For the material below, return exactly the lines starting at the line containing "342 N Garden Drive Vancouver-14.jpg" and ending at the line containing "Peugeot 3008 1.5", both ends included, and no others.

• Provided records
──────────
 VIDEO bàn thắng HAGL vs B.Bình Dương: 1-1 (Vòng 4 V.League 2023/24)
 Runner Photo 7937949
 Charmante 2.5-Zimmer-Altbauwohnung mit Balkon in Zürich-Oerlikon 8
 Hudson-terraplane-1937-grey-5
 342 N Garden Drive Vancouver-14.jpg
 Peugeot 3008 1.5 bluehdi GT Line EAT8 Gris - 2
──────────
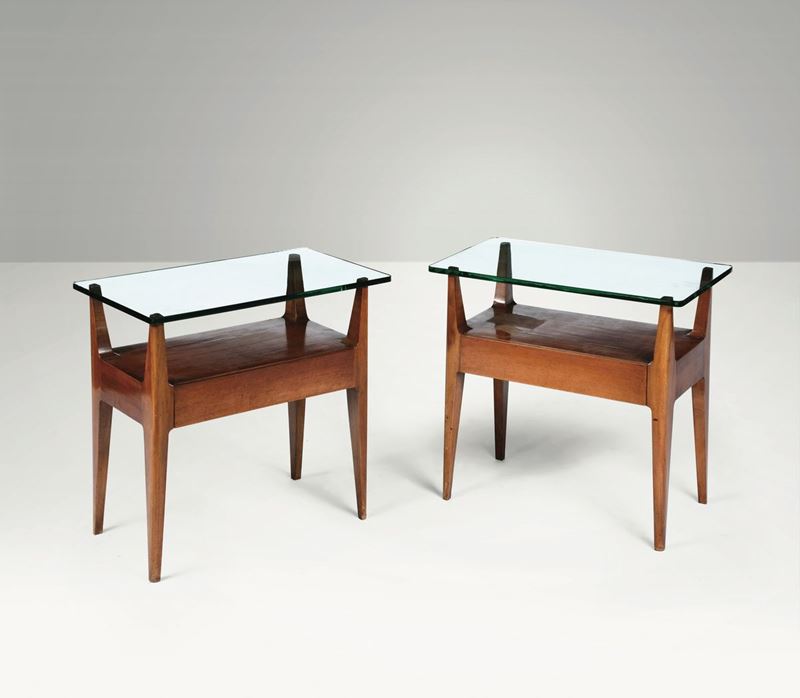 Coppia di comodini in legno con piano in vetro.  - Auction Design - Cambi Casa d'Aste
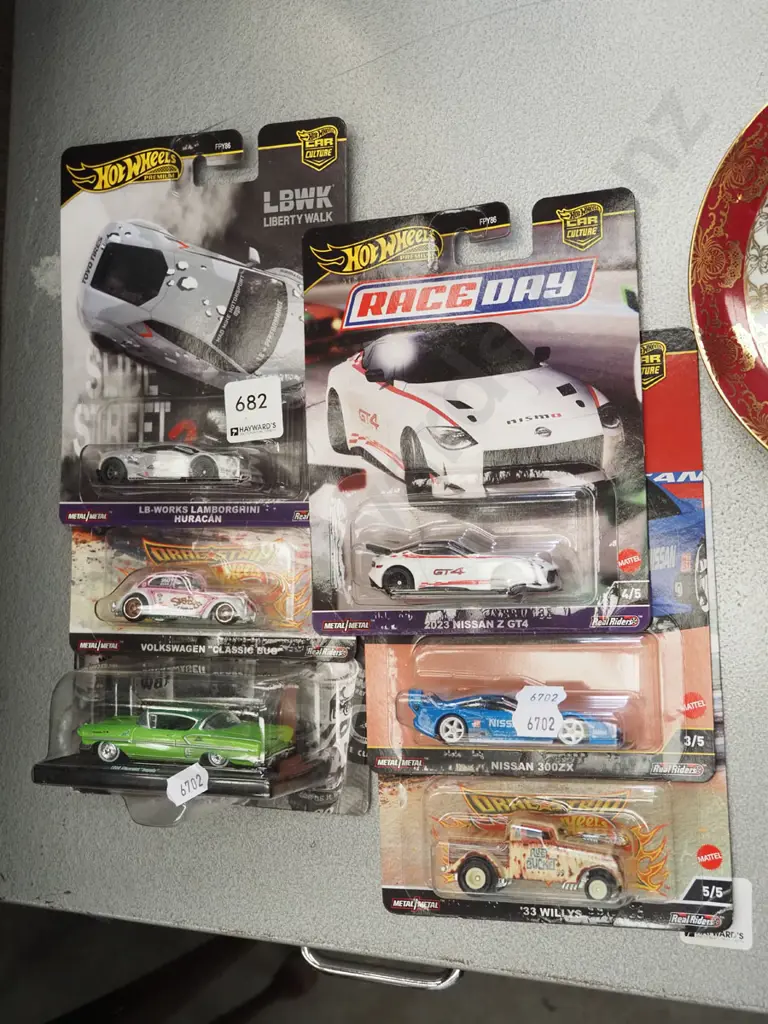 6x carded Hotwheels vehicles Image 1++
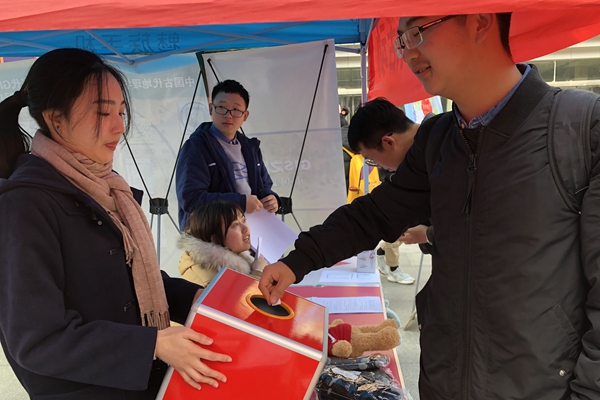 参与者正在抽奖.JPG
──────────
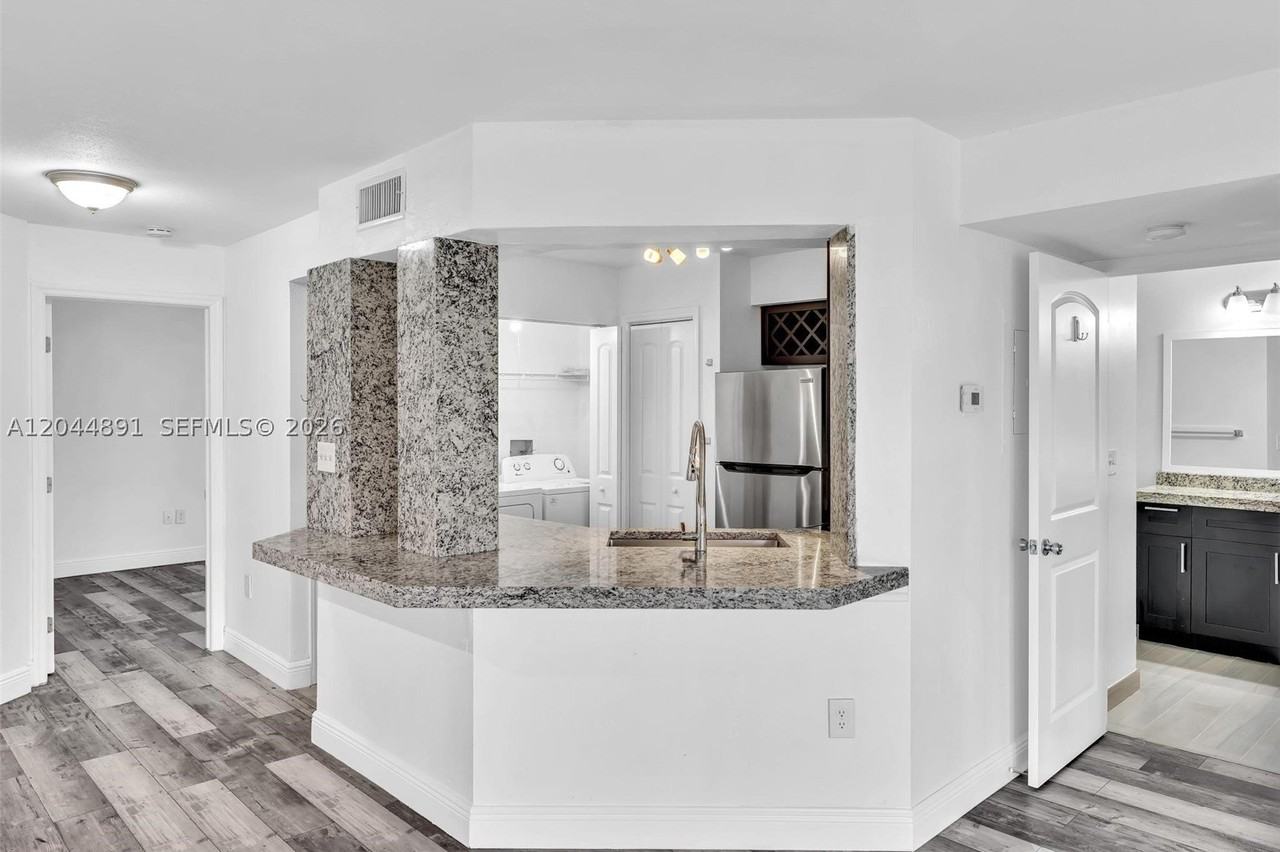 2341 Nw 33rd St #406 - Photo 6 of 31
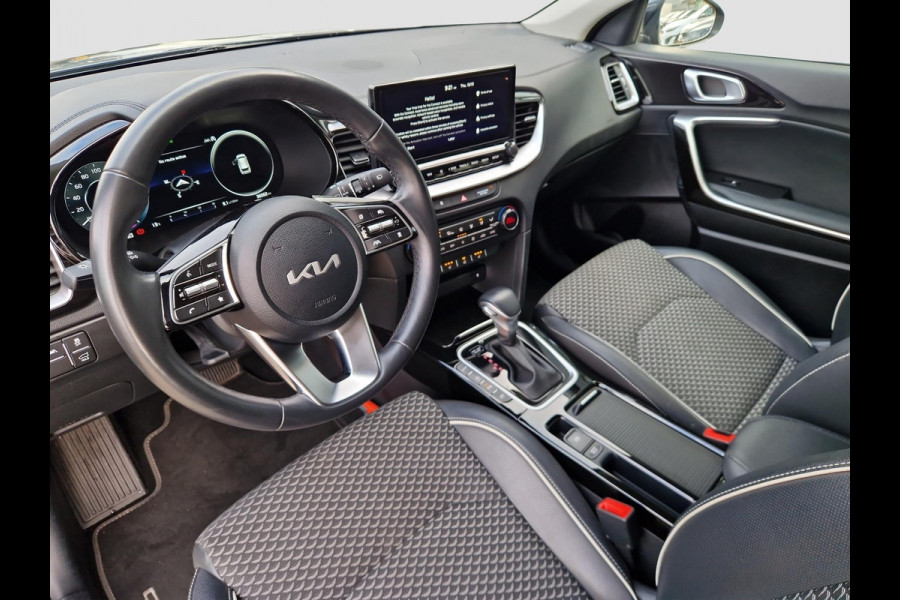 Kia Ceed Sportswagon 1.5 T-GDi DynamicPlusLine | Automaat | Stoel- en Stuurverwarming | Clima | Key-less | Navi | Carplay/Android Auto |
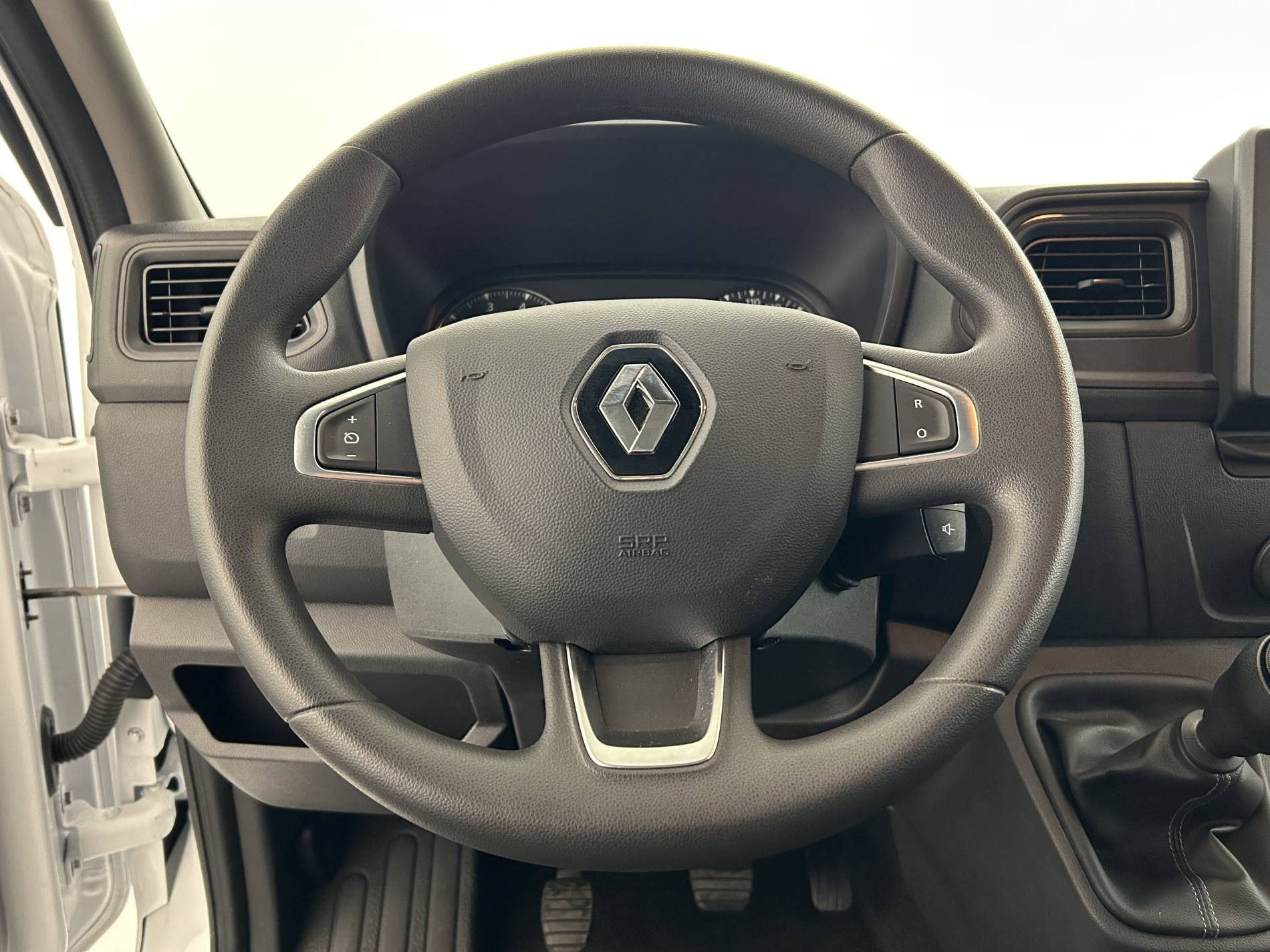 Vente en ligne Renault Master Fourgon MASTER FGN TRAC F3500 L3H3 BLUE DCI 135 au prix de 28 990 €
──────────
• Result of this task
 342 N Garden Drive Vancouver-14.jpg
 Peugeot 3008 1.5 bluehdi GT Line EAT8 Gris - 2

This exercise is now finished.